TDP takes Amaravati to Parliament, to seek central intervention

The Chandrababu Naidu-led Telugu Desam Party (TDP) has drawn up plans to take up Amaravati issue at the national level and raise it in Parliament during the upcoming winter session.


The raging debate over the fate of Amaravati, the proposed capital city of Andhra Pradesh, is set to find its echo in Parliament. The Chandrababu Naidu-led Telugu Desam Party (TDP) has drawn up plans to take up the issue at the national level and raise it in Parliament during the upcoming winter session.

The opposition party will seek the Centre’s intervention to save the project which is being “deliberately buried” by the YSR Congress Party government headed by Chief Minister YS Jagan Mohan Reddy.

The decision to take up the issue aggressively at the national level was taken at a meeting of the TDP Parliamentary Party meeting at Vundavalli near Vijawayada. The meeting was chaired by the party president Chandrababu Naidu who had conceived Amaravati as an ambitious river front capital city on a scale that India has “never seen before”.

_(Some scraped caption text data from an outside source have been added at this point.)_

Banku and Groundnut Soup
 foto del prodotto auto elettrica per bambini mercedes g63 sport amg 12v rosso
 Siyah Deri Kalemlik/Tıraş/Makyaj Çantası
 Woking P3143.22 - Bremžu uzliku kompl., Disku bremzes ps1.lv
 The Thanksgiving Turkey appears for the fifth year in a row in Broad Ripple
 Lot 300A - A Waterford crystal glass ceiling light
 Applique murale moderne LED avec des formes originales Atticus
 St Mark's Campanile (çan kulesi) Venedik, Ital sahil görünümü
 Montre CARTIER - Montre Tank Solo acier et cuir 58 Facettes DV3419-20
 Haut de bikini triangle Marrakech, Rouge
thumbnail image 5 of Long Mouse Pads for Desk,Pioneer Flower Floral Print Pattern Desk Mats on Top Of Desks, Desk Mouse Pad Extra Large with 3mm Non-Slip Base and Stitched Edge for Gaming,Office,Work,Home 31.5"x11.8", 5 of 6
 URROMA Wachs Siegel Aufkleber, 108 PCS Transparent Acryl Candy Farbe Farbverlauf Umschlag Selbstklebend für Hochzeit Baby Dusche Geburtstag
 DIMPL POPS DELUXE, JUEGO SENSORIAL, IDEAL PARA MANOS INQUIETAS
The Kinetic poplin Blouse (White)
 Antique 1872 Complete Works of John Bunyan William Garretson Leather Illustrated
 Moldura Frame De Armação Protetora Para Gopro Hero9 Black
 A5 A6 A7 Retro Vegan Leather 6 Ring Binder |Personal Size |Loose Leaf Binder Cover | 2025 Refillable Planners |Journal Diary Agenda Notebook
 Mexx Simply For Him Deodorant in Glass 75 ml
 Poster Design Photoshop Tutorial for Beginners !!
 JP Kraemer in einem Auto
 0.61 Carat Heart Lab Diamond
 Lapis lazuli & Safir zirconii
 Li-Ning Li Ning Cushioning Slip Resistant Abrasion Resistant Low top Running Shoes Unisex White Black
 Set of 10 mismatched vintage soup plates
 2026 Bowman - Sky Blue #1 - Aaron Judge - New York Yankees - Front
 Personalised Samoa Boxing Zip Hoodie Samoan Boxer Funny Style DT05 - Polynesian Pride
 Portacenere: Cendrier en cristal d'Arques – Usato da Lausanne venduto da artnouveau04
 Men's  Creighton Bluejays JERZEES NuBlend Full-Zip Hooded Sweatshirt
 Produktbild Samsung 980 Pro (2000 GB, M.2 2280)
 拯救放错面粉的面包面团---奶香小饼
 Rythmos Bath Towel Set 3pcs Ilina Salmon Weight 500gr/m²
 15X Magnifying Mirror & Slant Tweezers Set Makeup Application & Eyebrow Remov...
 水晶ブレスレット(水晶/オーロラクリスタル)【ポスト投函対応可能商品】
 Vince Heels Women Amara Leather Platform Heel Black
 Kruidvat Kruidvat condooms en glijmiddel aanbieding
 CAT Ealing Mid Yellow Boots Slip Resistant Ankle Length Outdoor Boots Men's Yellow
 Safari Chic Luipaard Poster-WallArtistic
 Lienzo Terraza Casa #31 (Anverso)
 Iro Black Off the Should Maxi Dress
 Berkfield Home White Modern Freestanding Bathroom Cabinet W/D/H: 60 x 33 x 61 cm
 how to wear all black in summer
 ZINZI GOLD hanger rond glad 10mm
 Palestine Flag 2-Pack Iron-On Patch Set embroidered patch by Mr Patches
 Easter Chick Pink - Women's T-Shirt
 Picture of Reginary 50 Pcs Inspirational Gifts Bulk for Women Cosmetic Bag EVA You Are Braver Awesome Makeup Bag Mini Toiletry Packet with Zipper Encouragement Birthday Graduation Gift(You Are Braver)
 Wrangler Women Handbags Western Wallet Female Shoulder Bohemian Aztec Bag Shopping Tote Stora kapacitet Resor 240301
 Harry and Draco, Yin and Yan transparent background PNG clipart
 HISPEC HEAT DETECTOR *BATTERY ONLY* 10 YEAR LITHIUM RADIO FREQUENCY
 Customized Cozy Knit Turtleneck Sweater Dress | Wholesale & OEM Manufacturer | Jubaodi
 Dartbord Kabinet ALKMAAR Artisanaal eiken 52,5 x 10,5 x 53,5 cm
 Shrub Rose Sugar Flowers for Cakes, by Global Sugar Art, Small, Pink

Also read | YSRCP govt scraps Amaravati capital city startup area project

“We shall make use of every forum to raise the issue of Amaravati being dumped as the capital of Andhra. We will take up the issue in the Parliament during the Zero Hour or issue a notice for a discussion, so that the entire country should know what is happening to the dream capital of Amaravati at the ground level,” the TDP’s parliamentary party leader Galla Jayadev said.

Pullout spree

The TDP would compile ground reports and present them to various central departments to seek the Narendra Modi government’s intervention to ensure continuity in the works and restore confidence among the people about the project.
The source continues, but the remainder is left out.